══ RECORDS TO USE ══

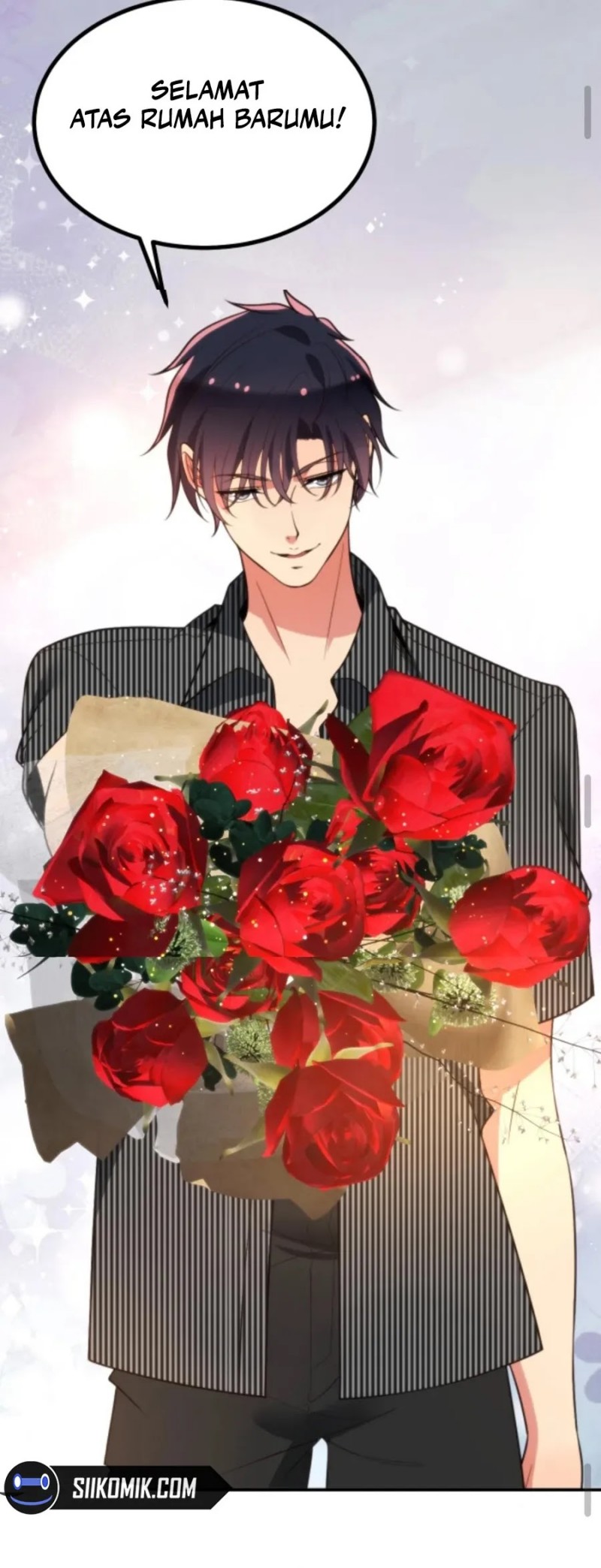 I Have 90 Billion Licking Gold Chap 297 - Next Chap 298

═══
══ RECORDS TO USE ══

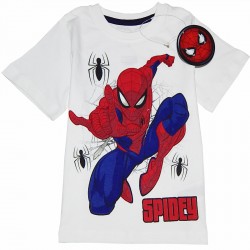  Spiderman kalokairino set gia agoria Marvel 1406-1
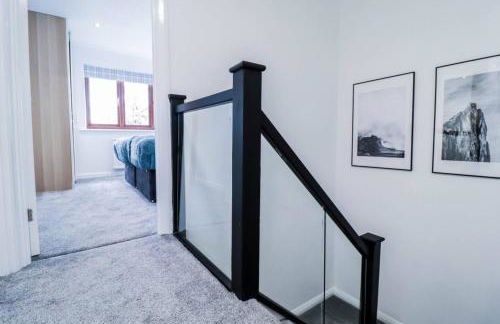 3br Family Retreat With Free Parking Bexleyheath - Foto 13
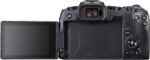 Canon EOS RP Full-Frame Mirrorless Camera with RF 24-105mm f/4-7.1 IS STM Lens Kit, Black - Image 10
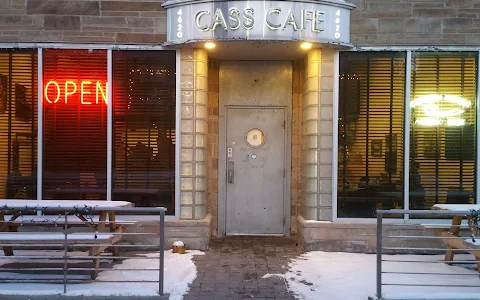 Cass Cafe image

═══

When you reach the line holding "Canon EOS RP" in the listing above, begin retyping exactly, and stop once the line holding "Cass Cafe image" is done; pictures stay out.

 Canon EOS RP Full-Frame Mirrorless Camera with RF 24-105mm f/4-7.1 IS STM Lens Kit, Black - Image 10
 Cass Cafe image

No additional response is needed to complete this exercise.